Dataset records Start Marker

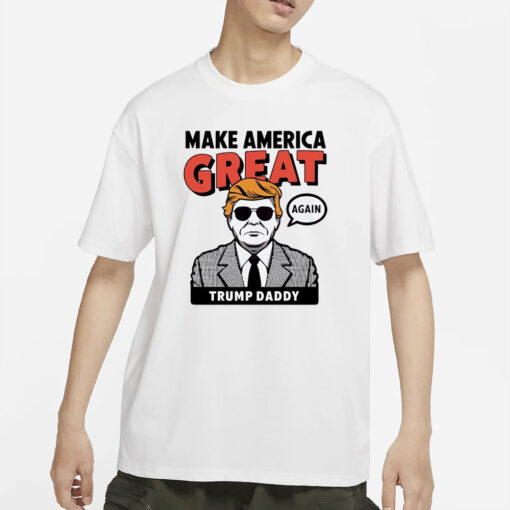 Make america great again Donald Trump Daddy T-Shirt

Dataset records End Marker
Dataset records Start Marker

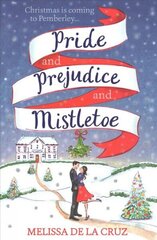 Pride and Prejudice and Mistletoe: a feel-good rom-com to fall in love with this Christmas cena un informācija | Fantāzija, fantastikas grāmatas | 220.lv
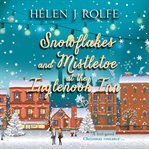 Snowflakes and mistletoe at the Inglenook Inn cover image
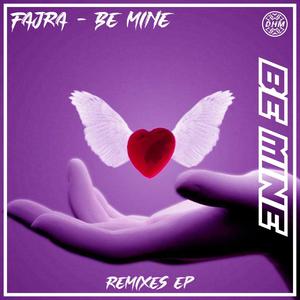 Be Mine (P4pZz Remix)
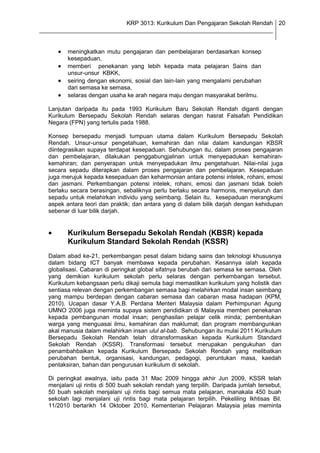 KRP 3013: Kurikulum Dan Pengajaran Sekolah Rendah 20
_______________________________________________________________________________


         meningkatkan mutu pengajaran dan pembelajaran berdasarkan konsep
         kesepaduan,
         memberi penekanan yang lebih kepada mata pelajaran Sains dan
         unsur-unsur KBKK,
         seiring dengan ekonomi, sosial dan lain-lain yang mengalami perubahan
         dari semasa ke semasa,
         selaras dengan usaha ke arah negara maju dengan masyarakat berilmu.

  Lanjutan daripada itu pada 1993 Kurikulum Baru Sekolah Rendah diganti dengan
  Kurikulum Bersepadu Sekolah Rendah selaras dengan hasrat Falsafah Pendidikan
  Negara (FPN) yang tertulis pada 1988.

Dataset records End Marker

▸ Required work:
Nothing but the lines above from the one that has "Pride and Prejudice" down to the one that has "selaras dengan usaha" belongs in the answer, copied exactly, without pictures.

▸ Exercise result:
 Pride and Prejudice and Mistletoe: a feel-good rom-com to fall in love with this Christmas cena un informācija | Fantāzija, fantastikas grāmatas | 220.lv
 Snowflakes and mistletoe at the Inglenook Inn cover image
 Be Mine (P4pZz Remix)
 KRP 3013: Kurikulum Dan Pengajaran Sekolah Rendah 20
_______________________________________________________________________________


         meningkatkan mutu pengajaran dan pembelajaran berdasarkan konsep
         kesepaduan,
         memberi penekanan yang lebih kepada mata pelajaran Sains dan
         unsur-unsur KBKK,
         seiring dengan ekonomi, sosial dan lain-lain yang mengalami perubahan
         dari semasa ke semasa,
         selaras dengan usaha ke arah negara maju dengan masyarakat berilmu.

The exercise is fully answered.